-- Opening Marker --
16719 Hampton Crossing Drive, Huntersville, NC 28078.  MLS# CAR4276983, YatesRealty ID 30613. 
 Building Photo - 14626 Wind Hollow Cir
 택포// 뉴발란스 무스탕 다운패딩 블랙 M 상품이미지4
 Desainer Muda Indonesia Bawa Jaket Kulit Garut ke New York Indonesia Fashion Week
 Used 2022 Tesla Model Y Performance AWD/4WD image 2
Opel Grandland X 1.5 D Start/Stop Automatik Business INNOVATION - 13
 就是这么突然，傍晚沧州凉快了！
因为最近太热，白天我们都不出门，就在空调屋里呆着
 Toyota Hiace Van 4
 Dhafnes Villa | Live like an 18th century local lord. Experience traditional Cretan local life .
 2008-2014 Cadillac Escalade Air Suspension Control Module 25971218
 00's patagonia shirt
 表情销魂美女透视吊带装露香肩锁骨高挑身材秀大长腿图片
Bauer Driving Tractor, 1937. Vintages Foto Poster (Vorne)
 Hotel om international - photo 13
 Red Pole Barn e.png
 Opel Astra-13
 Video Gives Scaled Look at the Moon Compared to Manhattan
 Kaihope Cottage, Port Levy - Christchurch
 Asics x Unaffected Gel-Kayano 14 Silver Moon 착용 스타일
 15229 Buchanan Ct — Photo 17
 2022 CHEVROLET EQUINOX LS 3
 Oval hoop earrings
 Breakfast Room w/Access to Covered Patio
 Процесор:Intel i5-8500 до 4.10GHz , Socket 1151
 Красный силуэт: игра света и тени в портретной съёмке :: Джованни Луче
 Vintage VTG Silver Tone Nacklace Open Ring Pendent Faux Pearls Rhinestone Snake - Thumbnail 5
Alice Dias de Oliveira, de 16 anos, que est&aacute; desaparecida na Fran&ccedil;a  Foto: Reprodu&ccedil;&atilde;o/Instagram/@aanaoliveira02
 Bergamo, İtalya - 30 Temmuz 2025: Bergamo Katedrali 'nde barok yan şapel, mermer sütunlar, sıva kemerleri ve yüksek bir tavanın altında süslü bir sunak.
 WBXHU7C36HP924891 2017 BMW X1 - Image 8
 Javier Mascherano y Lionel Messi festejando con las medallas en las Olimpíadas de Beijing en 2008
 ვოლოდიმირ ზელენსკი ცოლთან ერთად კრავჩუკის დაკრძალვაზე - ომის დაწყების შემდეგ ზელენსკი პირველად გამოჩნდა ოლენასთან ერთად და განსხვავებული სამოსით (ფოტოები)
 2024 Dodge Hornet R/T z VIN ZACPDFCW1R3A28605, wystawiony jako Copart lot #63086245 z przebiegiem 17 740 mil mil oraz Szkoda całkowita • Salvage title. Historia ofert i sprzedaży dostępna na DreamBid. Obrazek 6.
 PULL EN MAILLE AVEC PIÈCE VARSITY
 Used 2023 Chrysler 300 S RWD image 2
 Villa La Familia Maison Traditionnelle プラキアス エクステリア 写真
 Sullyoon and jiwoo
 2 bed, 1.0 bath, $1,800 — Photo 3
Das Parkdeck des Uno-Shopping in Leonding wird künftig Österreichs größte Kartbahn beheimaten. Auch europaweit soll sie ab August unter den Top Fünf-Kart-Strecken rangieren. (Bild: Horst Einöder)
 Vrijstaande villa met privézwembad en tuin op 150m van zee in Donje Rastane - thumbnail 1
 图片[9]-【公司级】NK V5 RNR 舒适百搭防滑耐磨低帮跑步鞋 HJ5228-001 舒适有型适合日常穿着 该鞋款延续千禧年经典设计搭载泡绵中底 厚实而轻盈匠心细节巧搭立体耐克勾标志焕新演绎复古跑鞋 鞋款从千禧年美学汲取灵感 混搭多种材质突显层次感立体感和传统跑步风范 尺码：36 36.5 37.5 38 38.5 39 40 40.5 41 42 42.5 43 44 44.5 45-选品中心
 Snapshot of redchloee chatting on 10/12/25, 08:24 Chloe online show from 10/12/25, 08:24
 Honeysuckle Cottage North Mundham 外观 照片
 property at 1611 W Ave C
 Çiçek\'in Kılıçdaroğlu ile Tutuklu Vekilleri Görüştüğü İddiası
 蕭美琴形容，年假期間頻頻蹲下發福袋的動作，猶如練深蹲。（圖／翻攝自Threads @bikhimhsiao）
-- Closing Marker --
## YOUR ASSIGNMENT
Your task is to copy every line of the entries that contains the string "Silver".

## ANSWER AREA
 Asics x Unaffected Gel-Kayano 14 Silver Moon 착용 스타일
 Vintage VTG Silver Tone Nacklace Open Ring Pendent Faux Pearls Rhinestone Snake - Thumbnail 5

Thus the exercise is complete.